#### EXERCISE BRIEF:
Without including any images, repeat the data exactly.

Scraped caption text data:
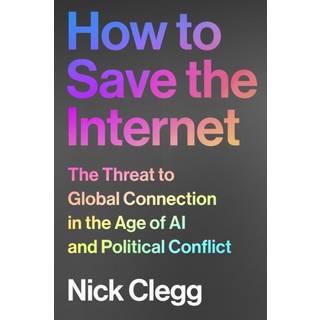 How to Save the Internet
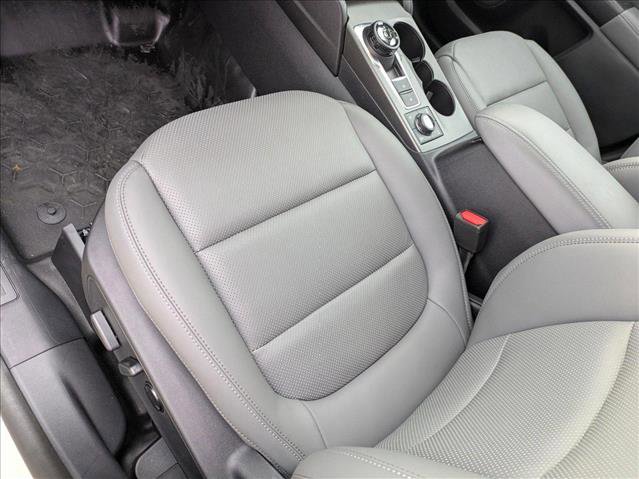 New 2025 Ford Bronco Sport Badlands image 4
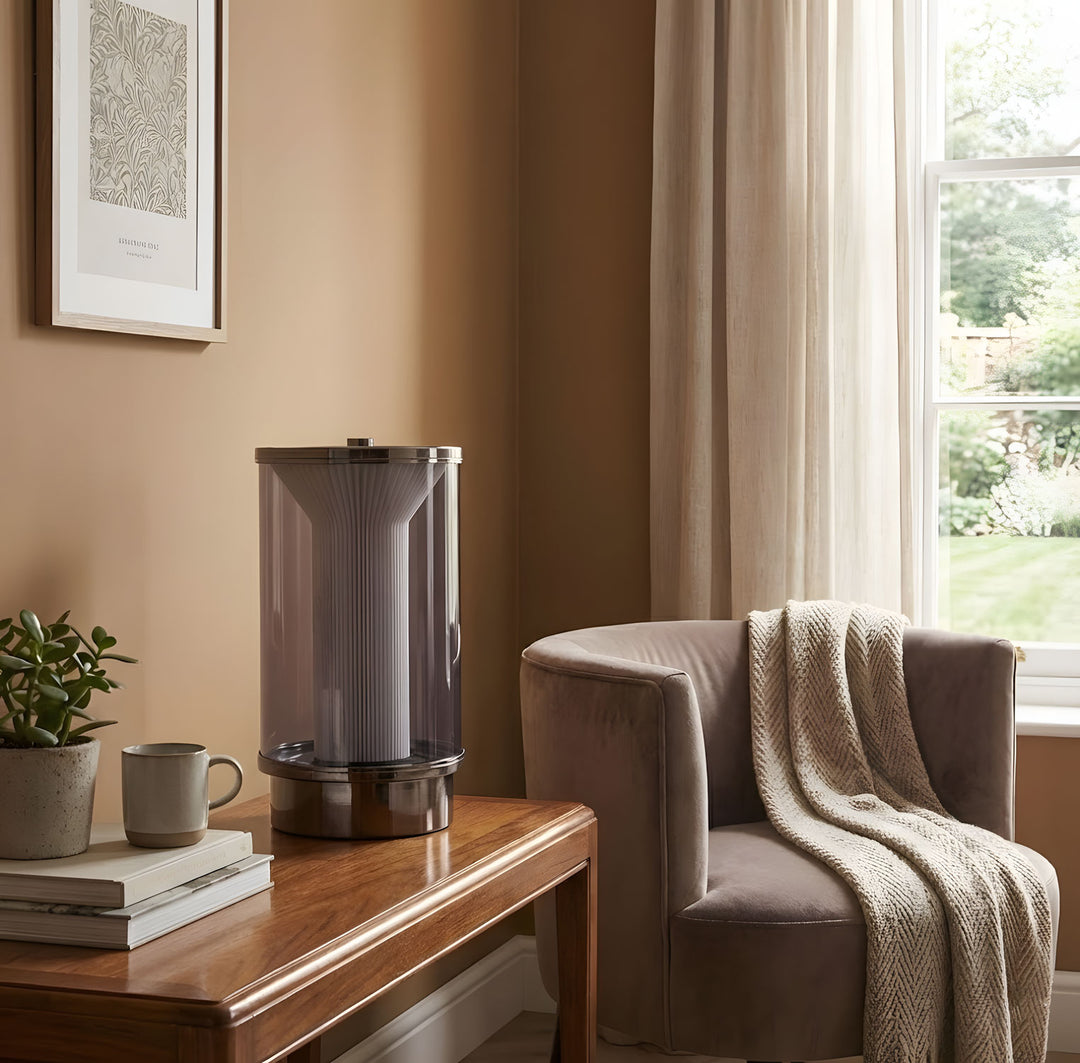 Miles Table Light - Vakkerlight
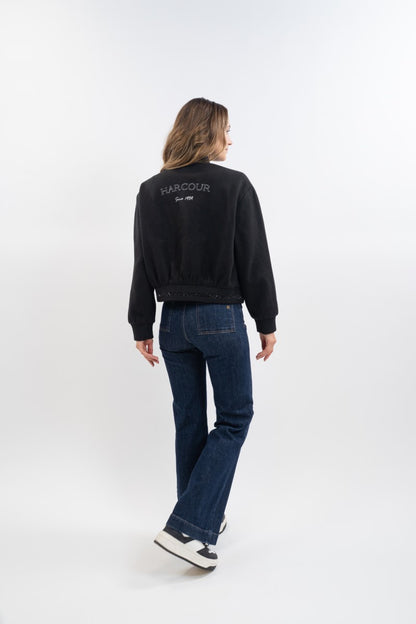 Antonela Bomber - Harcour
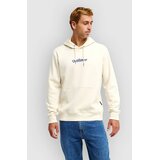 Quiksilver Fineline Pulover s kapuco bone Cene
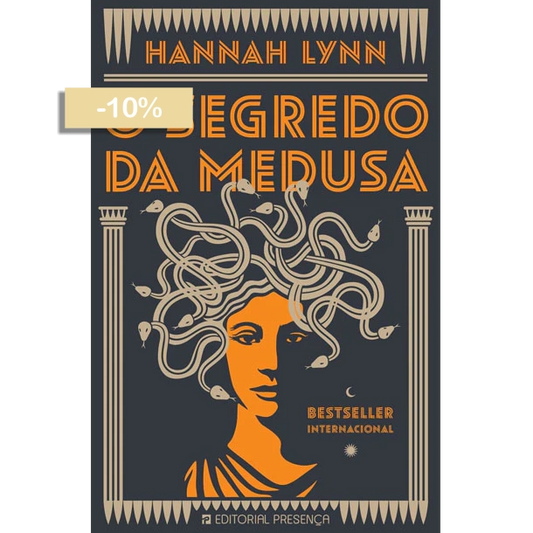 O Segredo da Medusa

#### FINAL ANSWER:
 How to Save the Internet
 New 2025 Ford Bronco Sport Badlands image 4
 Miles Table Light - Vakkerlight
 Antonela Bomber - Harcour
 Quiksilver Fineline Pulover s kapuco bone Cene
 O Segredo da Medusa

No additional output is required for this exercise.